Summary: Ultrasonic sensors use electrical energy and a ceramic transducer to emit and receive mechanical energy in the form of sound waves. Sound waves are essentially pressure waves that travel through solids, liquids and gases and can be used in industrial applications to measure distance or detect the presence or absence of targets. This Q&A answers some common questions about ultrasonic sensors, theory, and terminology.

Ultrasonic sensors are industrial control devices that use sound waves above 20,000 Hz, beyond the range of human hearing, to measure and calculate distance from the sensor to a specified target object.

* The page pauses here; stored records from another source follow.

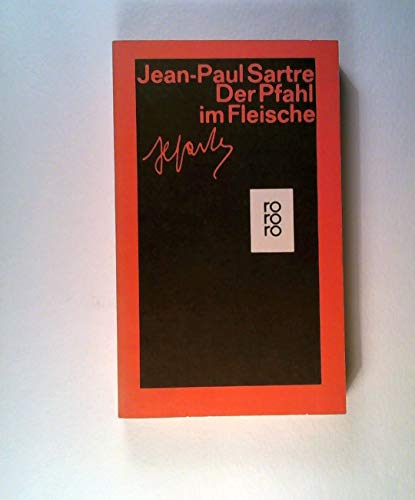 Der Aufschub. Roman. (Die Wege der Freiheit (Les chemins de la liberté), Band 2). Aus dem Französischen von Hans Georg Brenner. Originaltitel: Le Sursis. - (=rororo-Taschenbuch, Nr. 503 / 504). - Sartre, Jean-Paul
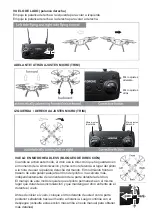 Preview for 57 page of MiDRONE SKY 180 User Manual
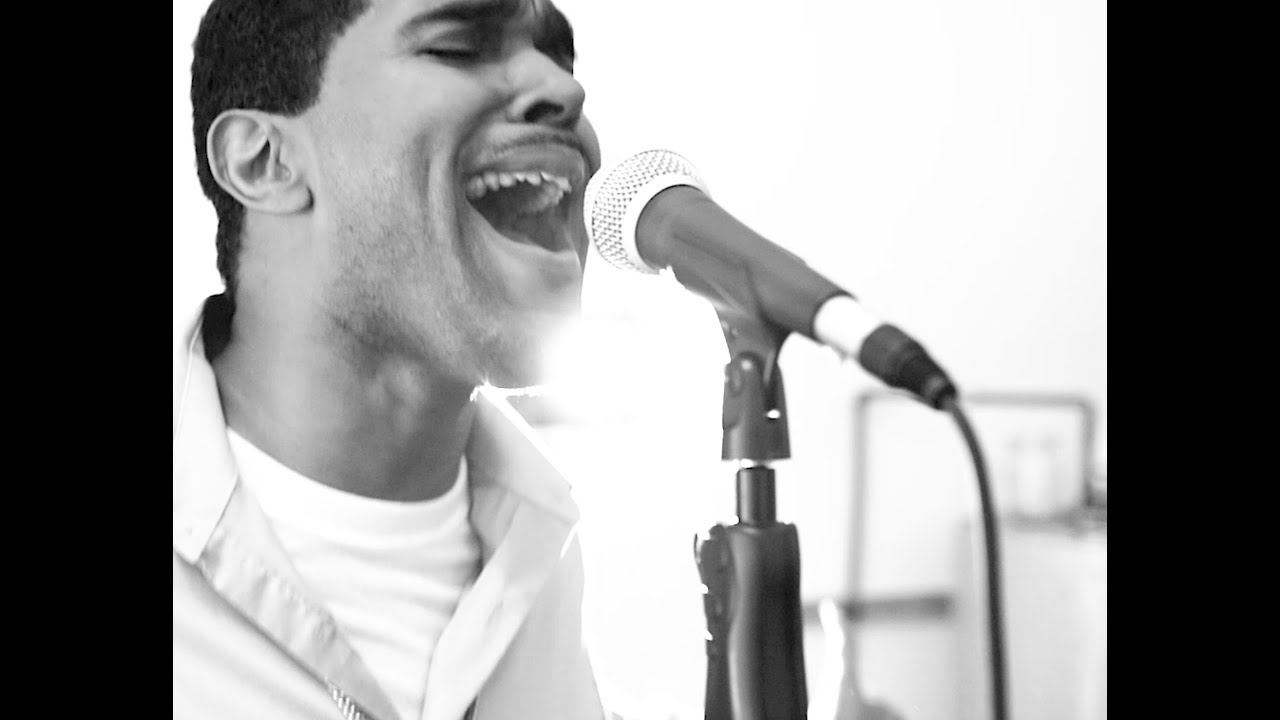 Soulchess: 'Say Goodbye' Official Music Video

The sensor has a ceramic transducer that vibrates when electrical energy is applied to it. The vibrations compress and expand air molecules in waves from the sensor face to a target object. A transducer both transmits and receives sound. The ultrasonic sensor will measure distance by emitting a sound wave and then “listening” for a set period of time, allowing for the return echo of the sound wave bouncing off the target, before retransmitting.

Because ultrasonic sensors use sound rather than light for detection, they work in applications where photoelectric sensors may not. Ultrasonic sensors are a great solution for clear object detection and for liquid level measurement, applications that photoelectric sensors struggle with because of target translucence. Target color and/or reflectivity don’t affect ultrasonic sensors which can operate reliably in high-glare environments.

Ultrasonic sensors offer advantages when sensing clear objects, liquid level or highly reflective or metallic surfaces. Ultrasonic sensors also function well in wet environments where as an optical beam may refract off the water droplets. However, ultrasonic sensors are susceptible to temperature fluctuations or wind. With optical sensors, you can also have a small spot size, fast response and in some instances, you can project a visible spot on a target to help with sensor alignment.

Any acoustic noise at the frequency to which the ultrasonic sensor is receptive, may interfere with that sensor’s output. This includes high-pitched noises such as those created by a whistle, the hissing of relief valves, compressed air or pneumatic devices. You might also get acoustical crosstalk by locating two ultrasonic sensors of the same frequency close together. Another kind of noise, electrical noise, is not exclusive to ultrasonic sensors.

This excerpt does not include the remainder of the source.